# what does "junior leg" mean



## ccreek (Jan 26, 2014)

I have the opportunity to buy a goat and she has her "junior" leg. I am not sure exactly what this means as far as showing and all. If I purchase her how do I prove this? Also, what would be the best way to show her? She is going to be two in march and will be kidding (her first time) in February. She is a nubian.


----------



## CapriGem (May 12, 2010)

It means she has a restricted Win that counts towards her permanent championship.

It takes 3 wins under at least 2 different judges to gain permanent Champon status.

One can be a restricted/dry leg, meaning she was a jr not in milk.

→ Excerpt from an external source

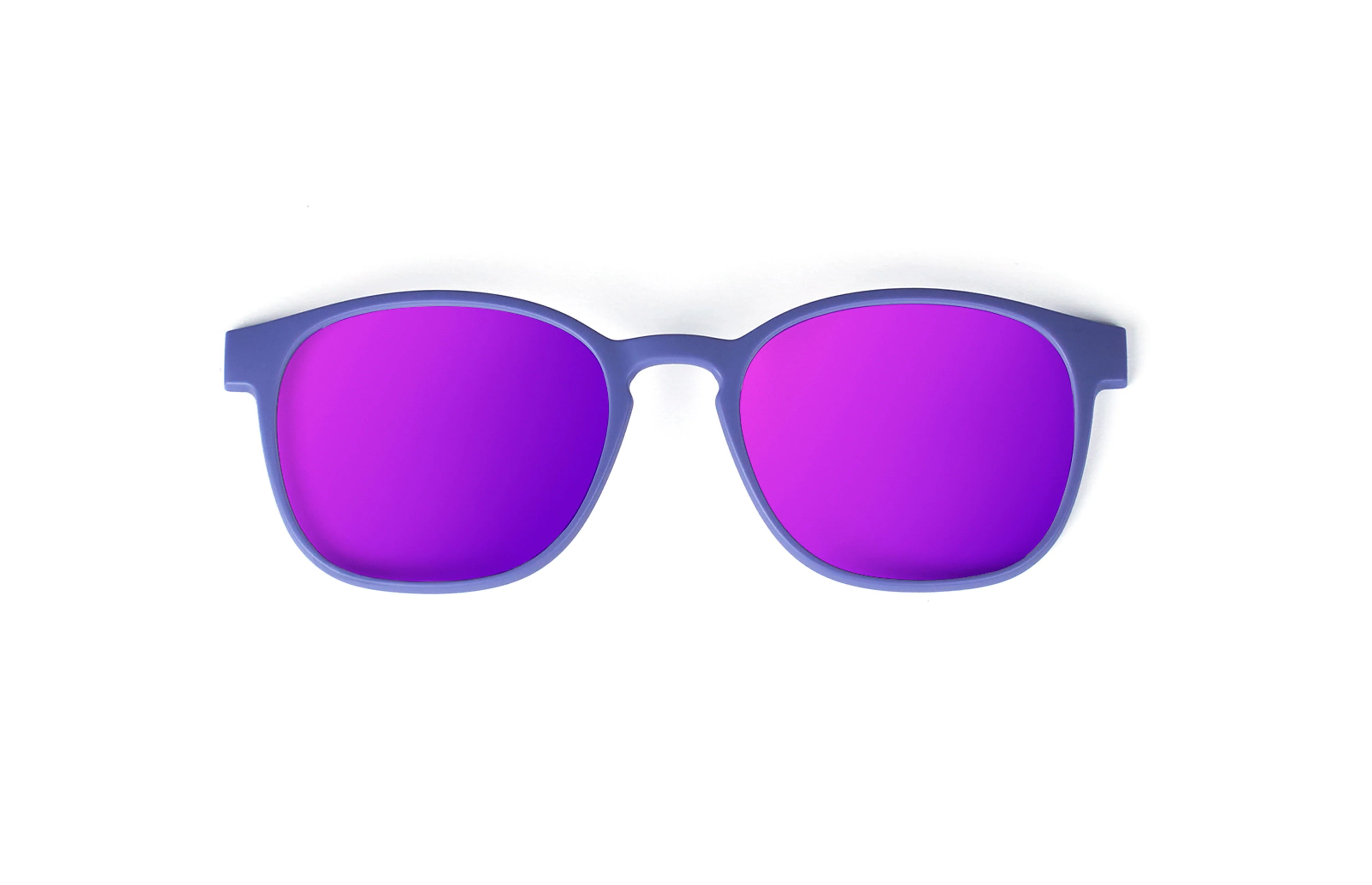 Clip Solar Morado Reflective Polarizado Nilo - Image 12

The registry (i'm guessing ADGA) has records of the shows and wins.


----------



## ccreek (Jan 26, 2014)

ok thanks! Can you go into a little more detail? IF I was to buy her what all would I have to do in order to get her champion status? So she has to win 2 more times while in milk to be champion???? Or do I have it all wrong?? I know absolutely nothing about showing goats but hope to learn all I can!!

yes its ADGA


----------



## CapriGem (May 12, 2010)

She would need to win grand champion 2 more times in milk with official numbers reached for her breed (10 in milk in breed makes win official with ADGA).


----------



## Cadence (Jul 20, 2013)

ccreek said:


> ok thanks! Can you go into a little more detail? IF I was to buy her what all would I have to do in order to get her champion status? So she has to win 2 more times while in milk to be champion???? Or do I have it all wrong?? I know absolutely nothing about showing goats but hope to learn all I can!!
> 
> yes its ADGA


Can you leave her reg number? I can double check how she won and it might help give you an idea.

A Jr leg is great because it makes it easier to to finish her and earn the CH title. However be aware that it doesn't indicate how her udder will look. I have does who finished their CH title and were never nice enough to earn their Jr leg but I also have multiple does who earned their Jr leg but then were sold as soon as they freshened because I did not like their udder at all.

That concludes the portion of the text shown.